Updated: May 11, 2022


Have you ever picked gooseberries? If not, here's what you missed —sore and bloody fingertips! I had never heard about these unique berries until one special day at middle school summer camp. During a nature hike, we were encouraged to pick these tiny red balls covered with sharp sprays of thorny needles. I remember watching the boys readily take to this task, and I was stunned to see them leaning far into these prickly bushes in some kind of unspoken competition. My girlfriends and I approached with greater caution, deciding that we first needed a sensible container with which to collect our red berry treasures. Our camp counselors challenged us to pick as many berries as possible so that the next afternoon we could make gooseberry jam. Always motivated by the prospect of praise, I walked ahead of my friends and made a sling out of the front of my shirt and tried to pick a gooseberry—ouch! Razor thin thorns covered the entire globe of the fruit, stabbing my fingertips, drawing blood. I tried again and again to remove these illusive berries by plucking them from underneath, trying to snap them loose far down the stem thinking I could ask for gloves back at camp to finish the job. Despite the pain, I filled my shirt pouch with these awful things until my fingers burned and were red from being stabbed hundreds of times. The berries in my shirt poked through the fabric, needling and scratching my stomach.


As promised, the next afternoon we all herded over to the commercial kitchen of the dining hall to learn the steps of making freezer jam. I took great satisfaction in seeing the mean-spirited berries dropped into a pot of steaming hot water, and I imagined them "screaming" like live lobsters put to boil. I hated the gooseberries and wasn't interested in cutting out paraffin wax circles with which to seal our canning jars. I looked up to see the head cook spooning berries out of the scalding water with a metal strainer, after which she deftly pulled the berries apart by their thorns with rubber gloves. The berries had submitted to the boiling water and now easily shed their skin to reveal a tiny blob of seeded jelly that plopped into a measuring cup.


"That's it?" Benjamin asked with a whine. "That's all that's in those dumb berries?"

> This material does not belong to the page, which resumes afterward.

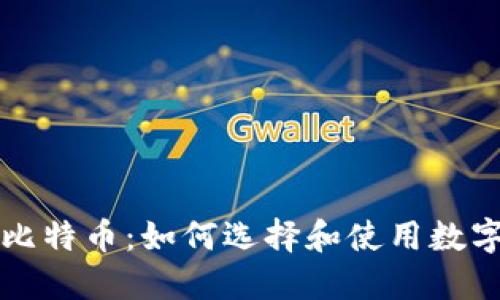 VV钱包与比特币：如何选择和使用数字货币钱包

We perched on stools around the long stainless steel counters, and we were each given a pair of gloves. We set about pulling the spiny skin away from each berry and emptying the meager contents into little containers. An hour later, the cook collected our cups of viscous jelly and poured our gooey harvest into a sauce pan along with pectin, lemon juice, water, and copious cups of sugar. We took turns stirring the simmering liquid with a wooden spoon, but we were not allowed to pour the hot fruit mixture into the glass jars. We affixed the wax and lids and put stickers on the jars with the names of our cabins. We proudly marched our canned confections over to the walk-in freezer. The next morning at breakfast, I couldn't spread a blob of the gooseberry jelly onto my toast fast enough, and it was worth the wait. I can still imagine it's sweet and tangy taste today, forty years later.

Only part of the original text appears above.